STONITH Fencing with Smart Plugs
This guide covers setting up smart plug-based fencing for your HA cluster when IPMI is not available.
⚠️ Important Considerations
Smart plugs are a budget alternative to IPMI but have limitations:
- ✅ Better than no STONITH (critical for data integrity)
- ✅ Works for home labs and small deployments
- ✅ Much cheaper than IPMI-capable hardware ($15 vs $1000+)
- ⚠️ Dependent on network connectivity (same as IPMI over LAN)
- ⚠️ Consumer-grade reliability (not enterprise-rated)

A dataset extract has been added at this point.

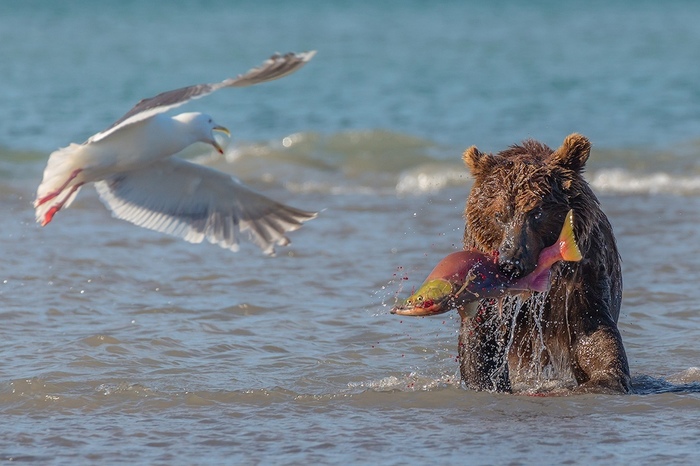 This is my booty!!! - Bear, Seagulls, wildlife, A fish, Fishing, The photo, The Bears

- ⚠️ Requires manual fence agent installation in some cases
Mixed STONITH Configurations
The playbook now supports mixed fencing methods where different nodes can use different STONITH mechanisms. This is useful when:
- Some servers have IPMI/BMC, others don’t
- Migrating from one fencing method to another
- Budget allows IPMI for one node, smart plug for the other
- Testing different fencing technologies
Configuration Example
# In group_vars/storage_nodes/cluster.yml
stonith_nodes:
storage-a:
method: "ipmi" # Enterprise server with BMC
ip: "10.20.20.101"
user: "bmcadmin"
password: "CHANGEME"
storage-b:
method: "kasa" # Consumer server with smart plug
ip: "10.20.20.202"
The playbook will automatically:
- Install necessary fence agent dependencies (python3-kasa if any node uses Kasa)
- Generate correct
pcs stonith createcommands per node - Configure firewall rules for all required protocols
More examples:
- Both IPMI: Set both nodes to
method: "ipmi" - Both smart plugs: Mix
kasa,esphome,tasmotaas needed - Three nodes: Add third node with any method
Recommended Options
Option 1: TP-Link Kasa HS105 (Easiest)
- Local control without cloud dependency
- Reliable and widely used in home automation
- Cheap (~$15-20 per plug)
- Python library for easy integration (
python3-kasa) - No authentication needed (network isolation provides security)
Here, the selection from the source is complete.